▶ [DATA FOR THIS TASK]
+ + + + + + +
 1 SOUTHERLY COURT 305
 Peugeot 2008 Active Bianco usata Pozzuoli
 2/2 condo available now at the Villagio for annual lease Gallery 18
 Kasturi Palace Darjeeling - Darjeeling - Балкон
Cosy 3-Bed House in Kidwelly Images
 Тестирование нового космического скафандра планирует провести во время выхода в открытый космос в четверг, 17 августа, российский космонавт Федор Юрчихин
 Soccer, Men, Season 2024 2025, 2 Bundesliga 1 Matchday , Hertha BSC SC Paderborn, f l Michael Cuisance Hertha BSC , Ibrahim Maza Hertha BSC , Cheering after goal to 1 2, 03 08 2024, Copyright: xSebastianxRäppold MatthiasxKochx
+ + + + + + +
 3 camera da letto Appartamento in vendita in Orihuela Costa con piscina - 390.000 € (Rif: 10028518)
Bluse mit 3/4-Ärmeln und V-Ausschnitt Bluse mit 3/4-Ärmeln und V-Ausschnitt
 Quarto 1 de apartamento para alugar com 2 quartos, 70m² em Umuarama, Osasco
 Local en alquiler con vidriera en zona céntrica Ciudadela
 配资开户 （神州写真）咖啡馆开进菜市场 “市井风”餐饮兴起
+ + + + + + +
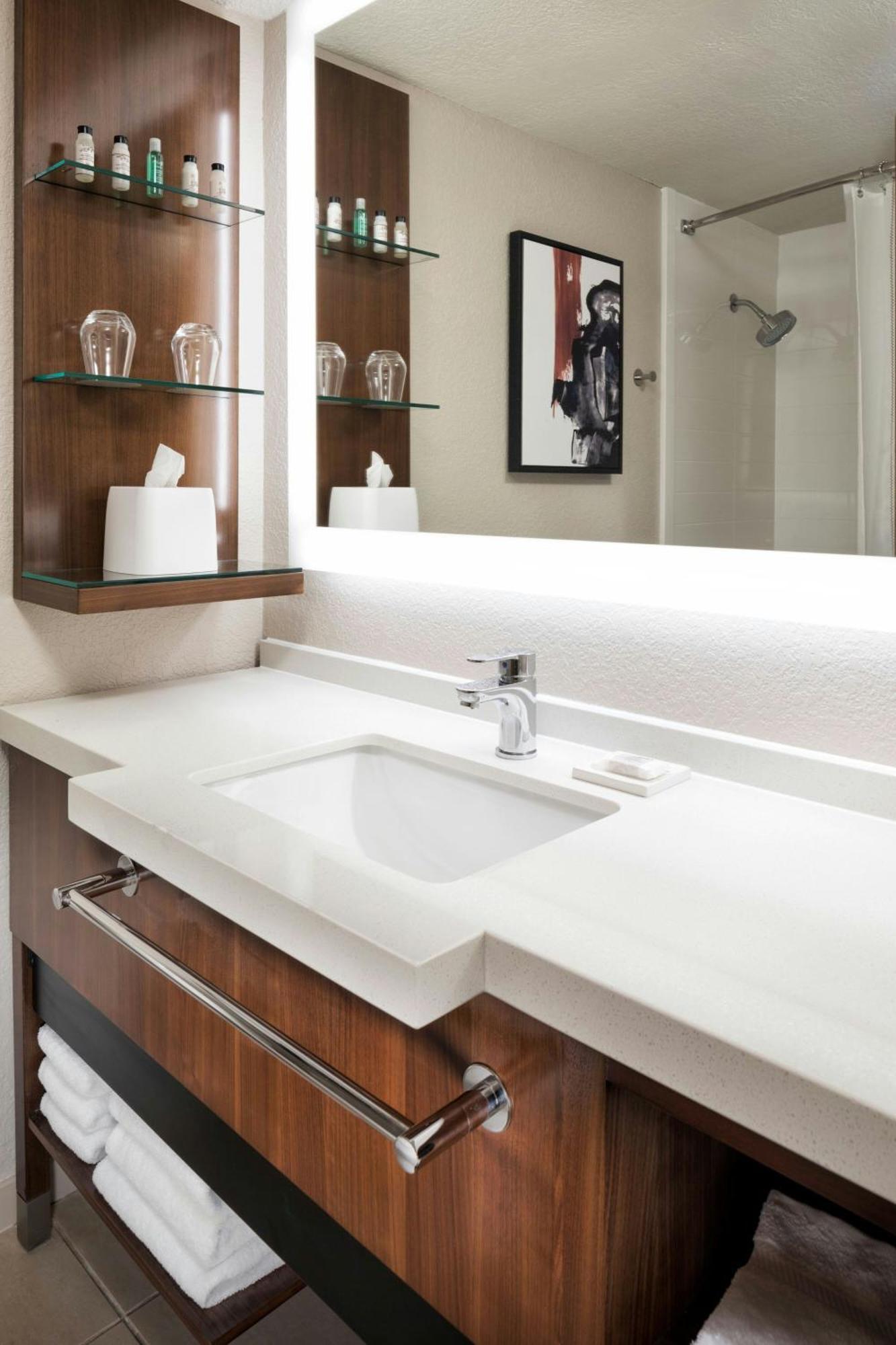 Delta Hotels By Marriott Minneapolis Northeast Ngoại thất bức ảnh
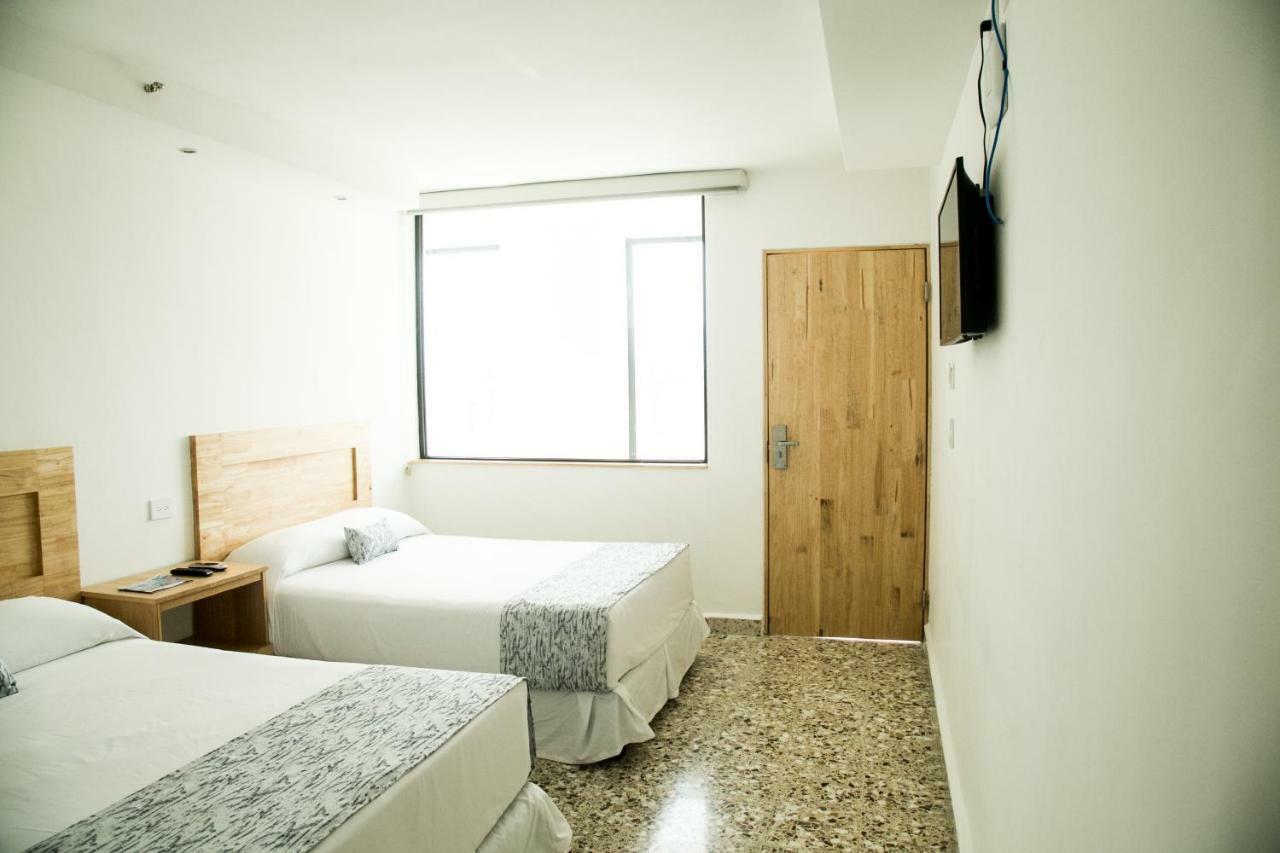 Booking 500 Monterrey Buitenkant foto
+ + + + + + +
▶ [WORK INSTRUCTION] Please reproduce, exactly as they appear above, the lines from the line containing "Cosy 3-Bed House in Kidwelly Images" up to and including the line containing "Тестирование нового космического".

▶ [ANSWER SPACE]
Cosy 3-Bed House in Kidwelly Images
 Тестирование нового космического скафандра планирует провести во время выхода в открытый космос в четверг, 17 августа, российский космонавт Федор Юрчихин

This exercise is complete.